Troubleshooting

Can't Connect to Peers

Check the bootstrap address format:

/ip4/203.0.113.50/udp/8800/quic-v1/p2p/12D3KooW...

Firewall: SwarmLLM needs TCP port 8810 (P2P) and optionally UDP port 8800 (QUIC) open.

  • Linux: sudo ufw allow 8810/tcp && sudo ufw allow 8800/udp
  • Windows: Windows Defender Firewall > Inbound Rules > New > Port > TCP 8810 + UDP 8800
  • macOS: System Settings > Network > Firewall > allow SwarmLLM

Same LAN? Use local IP (e.g., 192.168.1.x). LAN peers should be found automatically via mDNS.

Model Download Stuck

  1. Check disk space — a 7B model needs ~4-5 GB free
  2. Verify internet access to https://huggingface.co
  3. Cancel and retry from the Dashboard
  4. Start with -v for verbose logs: ./swarmllm run -v
  5. Try a smaller model first (TinyLlama, ~700 MB)

GPU Not Detected

  1. Verify GPU works: nvidia-smi
  2. Install NVIDIA drivers if needed
  3. Enable GPU offloading: ./swarmllm run --gpu-layers 99

WSL2 users: The CUDA driver comes from your Windows NVIDIA driver. Check that /usr/lib/wsl/lib/libcuda.so.1 exists and add to your ~/.bashrc:

export LD_LIBRARY_PATH=/usr/local/cuda/lib64:/usr/lib/wsl/lib:$LD_LIBRARY_PATH

Port Already in Use

./swarmllm run --port 9000    # Use a different port
lsof -i :8800                 # Find what's using 8800
./swarmllm status             # Check if another instance is running

Slow First Request

If the first inference request to a model takes noticeably longer than subsequent ones, this is expected. SwarmLLM uses on-demand model loading — models whose shards are on disk but not loaded into VRAM are loaded when first requested.
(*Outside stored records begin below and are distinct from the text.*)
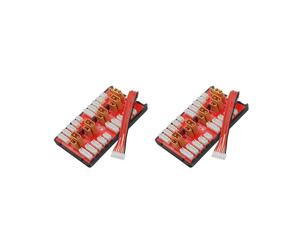 2X la Placa de Carga Paralela XT30 XT60 2 en 1 Admite 4 Paquetes de Baterías Lipo 2-6S para Modelos RC Pieza de Multicóptero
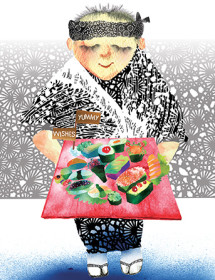 G53 sushi chef masha dyans watercolor greeting card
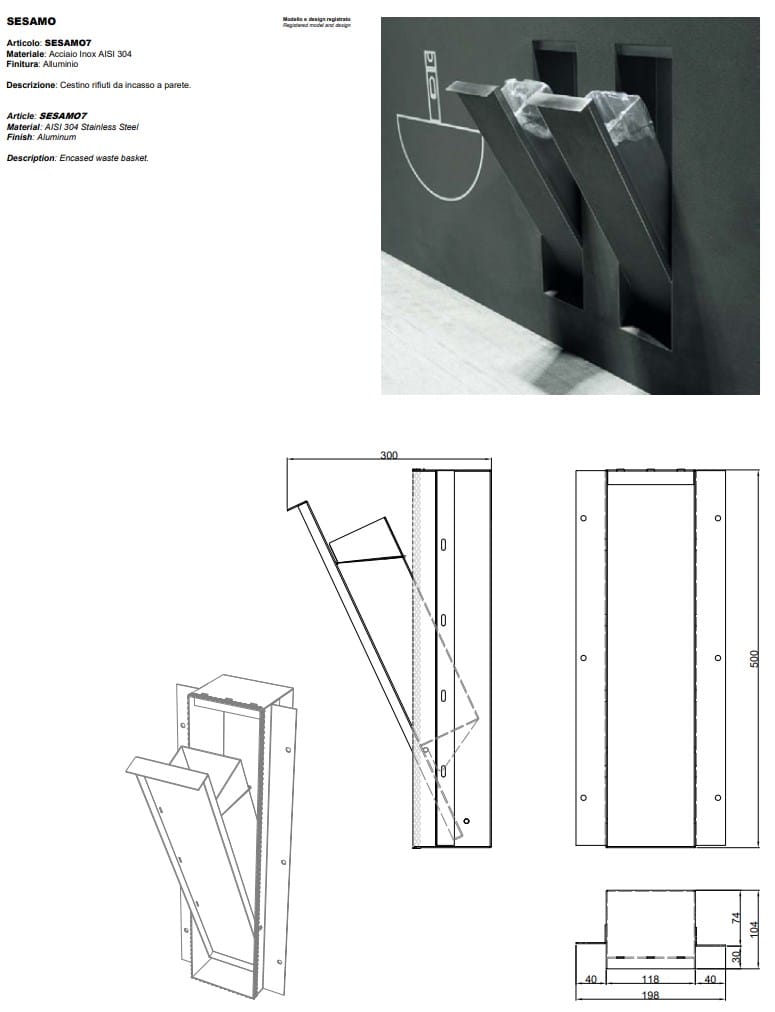 Встроенные настенные аксессуары для ванной комнаты Antoniolupi кунжут ARCH-00138172 - Вид №10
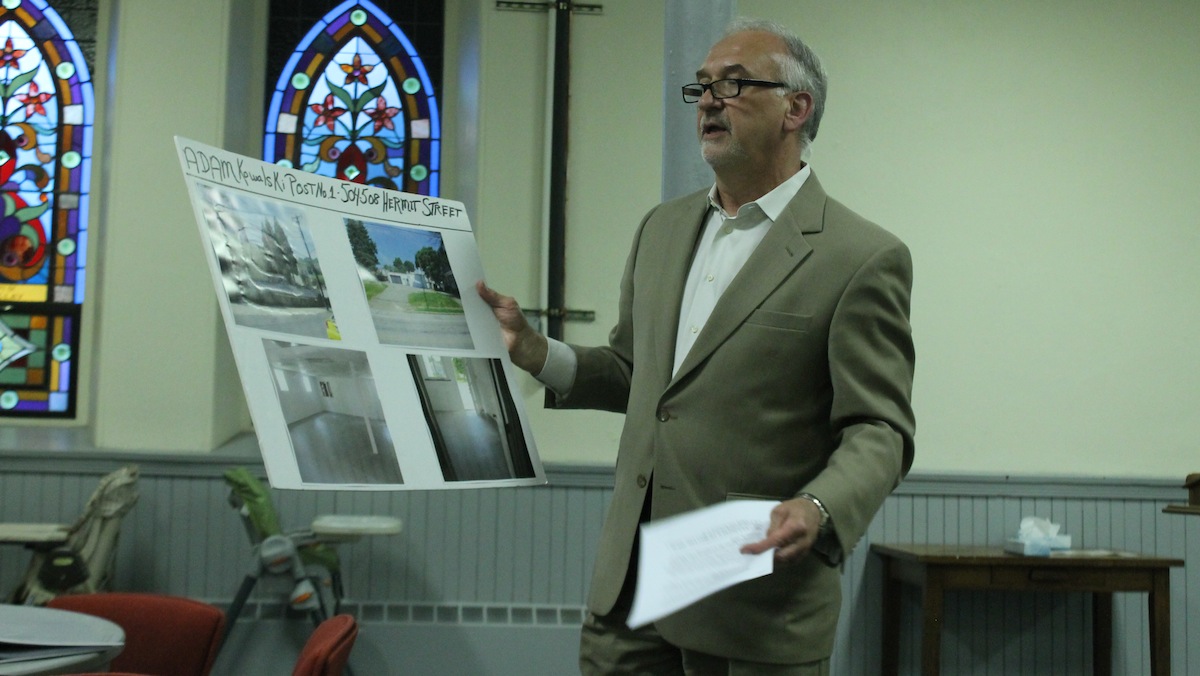  Paul T. Sosnowski, the representing lawyer for the Kowalski Post, at Monday night's meeting. (Matthew Grady/WHYY) 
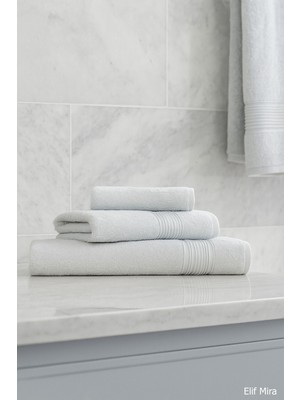 Elif Mira 3 Parça Banyo Havlu Seti Pamuklu Günlük Kullanım Basic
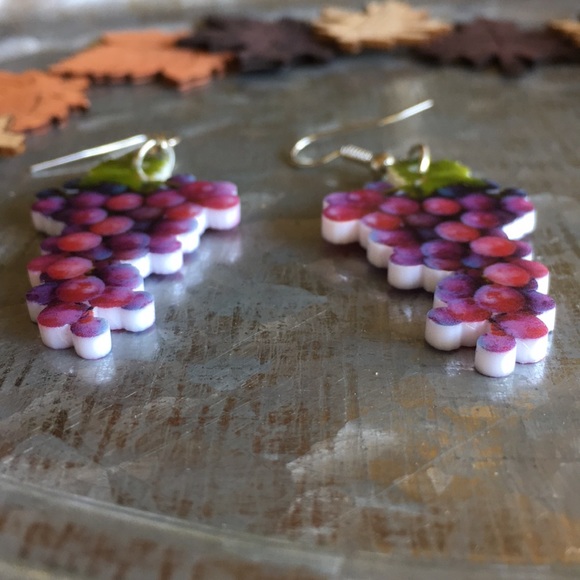 Grape Acrylic Earrings - Picture 6 of 8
If VRAM is full, an LRU eviction occurs first. Subsequent requests to the same model will be fast.

Slow Inference

  1. GPU vs CPU: CPU is 5-20x slower. Check Dashboard for GPU status.
  2. Model too large: Use Q4 quantization, match model size to VRAM.
  3. Enable batching: Set max_batch_size = 4 in config.

Database Corrupted

# Back up first
cp -r ~/.local/share/swarmllm ~/.local/share/swarmllm-backup
# Delete database (models and config are preserved)
rm ~/.local/share/swarmllm/db.redb
# Restart
./swarmllm run

GPU Out of Memory

If a model exceeds your GPU's VRAM, SwarmLLM automatically falls back to CPU inference. You'll see this in the logs:

WARN GPU OOM detected, retrying on CPU

CPU inference is 5-20x slower but works for any model size. To avoid OOM:

  • Use smaller quantizations (Q4 instead of Q8)
  • Use a model that fits in VRAM (check model size vs available VRAM in the dashboard)
  • For models too large for one GPU, use distributed inference across multiple nodes

Distributed Inference Issues

Peers visible but inference fails:

  1. Ensure both nodes have the required shards loaded (check Dashboard > Models)
  2. Verify P2P TCP connectivity: port <base_port> + 10 must be reachable
  3. Run with -vv and filter: ./swarmllm run -vv 2>&1 | grep "DIAG:"
  4. Check for DIAG: segment TIMED OUT — indicates network or compute bottleneck

High latency per token:

  • Distributed inference adds ~20-130ms per token for network round-trips
  • Use TCP bootstrap addresses (not QUIC) for lowest latency
  • Ensure nodes are on the same LAN for tensor parallelism

Pipeline assembly fails:

  • The scheduler needs enough shard coverage to build a complete pipeline
  • Check DIAG: assemble_pipeline_for for candidate counts

Inference fails with "peer never acknowledged" or "silent drop":

  • A SendDirectMessage was issued but neither a Response nor an OutboundFailure event arrived from libp2p within 10s (RR_ACK_TIMEOUT_SECS). Treated as a transient failure: the router automatically retries once with a fresh pipeline assembly that filters out the unreachable peer. If retry also fails, the user sees the error within ~20s (vs the 120s FIRST_TOKEN_TIMEOUT).
  • Most common cause: the target peer was killed or partitioned and the local libp2p connection state hasn't yet caught up.
  • Look for DIAG: rr ACK timeout — closing streaming caller in the logs to confirm the fast-fail path engaged.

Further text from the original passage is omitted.